▸ **Your instructions**
Only the lines below between the one holding "Ketua Klasis GKI" and the one holding "Volkswagen Golf 2019 белый - фото 6", inclusive, are to be reproduced word for word; the pictures are to be left out.

▸ **Supplied material**
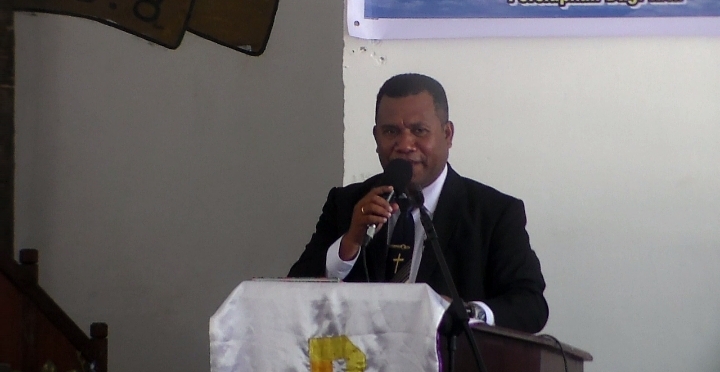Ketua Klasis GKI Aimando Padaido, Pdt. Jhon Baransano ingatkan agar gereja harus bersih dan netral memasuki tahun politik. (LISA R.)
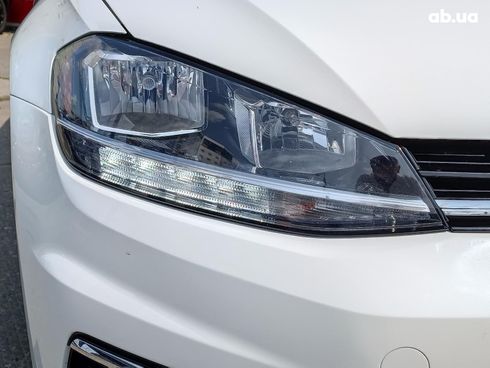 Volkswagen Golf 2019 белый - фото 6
==
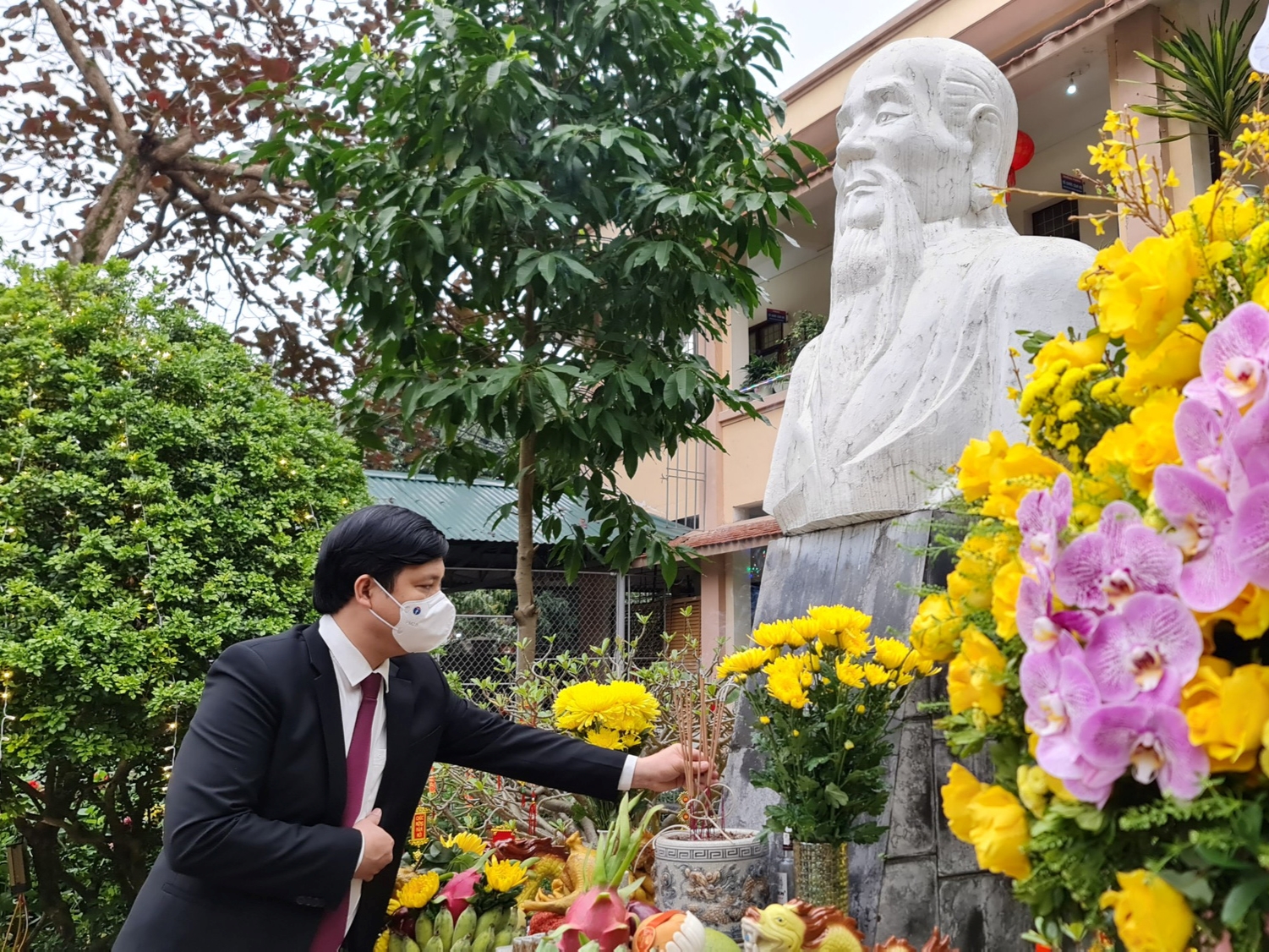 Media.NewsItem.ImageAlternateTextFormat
--
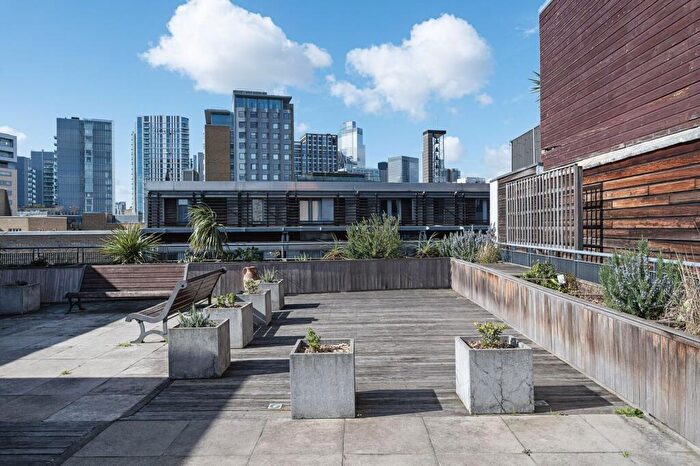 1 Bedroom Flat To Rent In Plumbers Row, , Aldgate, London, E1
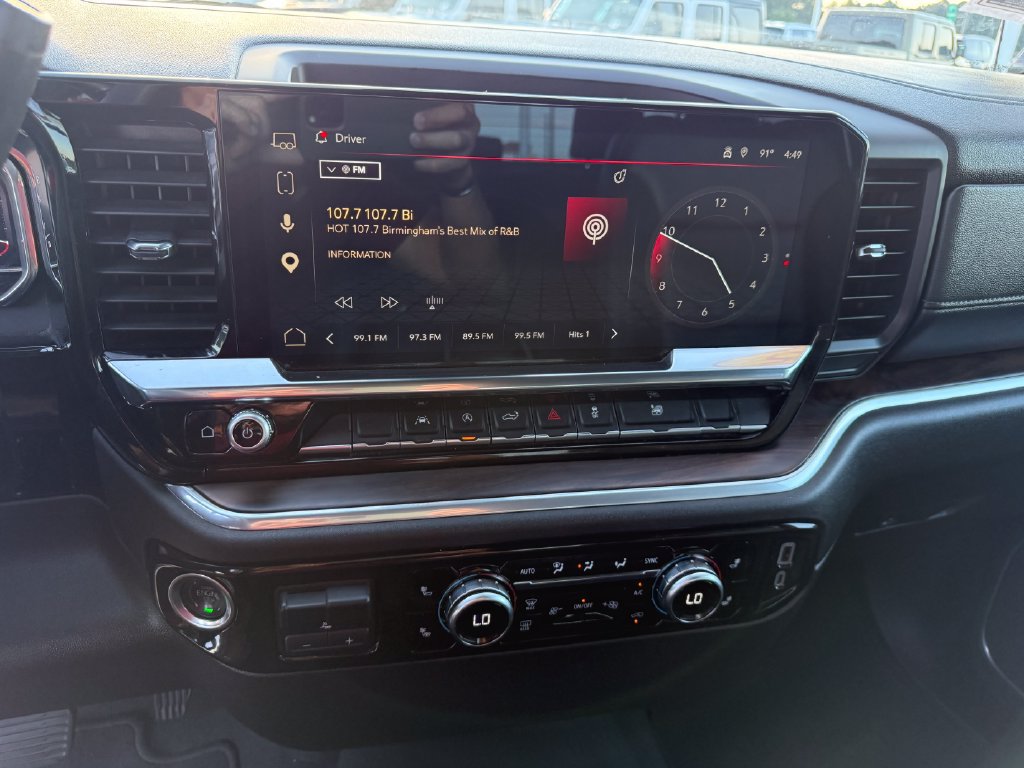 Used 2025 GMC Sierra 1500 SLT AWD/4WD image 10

▸ **Solved problem**
Ketua Klasis GKI Aimando Padaido, Pdt. Jhon Baransano ingatkan agar gereja harus bersih dan netral memasuki tahun politik. (LISA R.)
 Volkswagen Golf 2019 белый - фото 6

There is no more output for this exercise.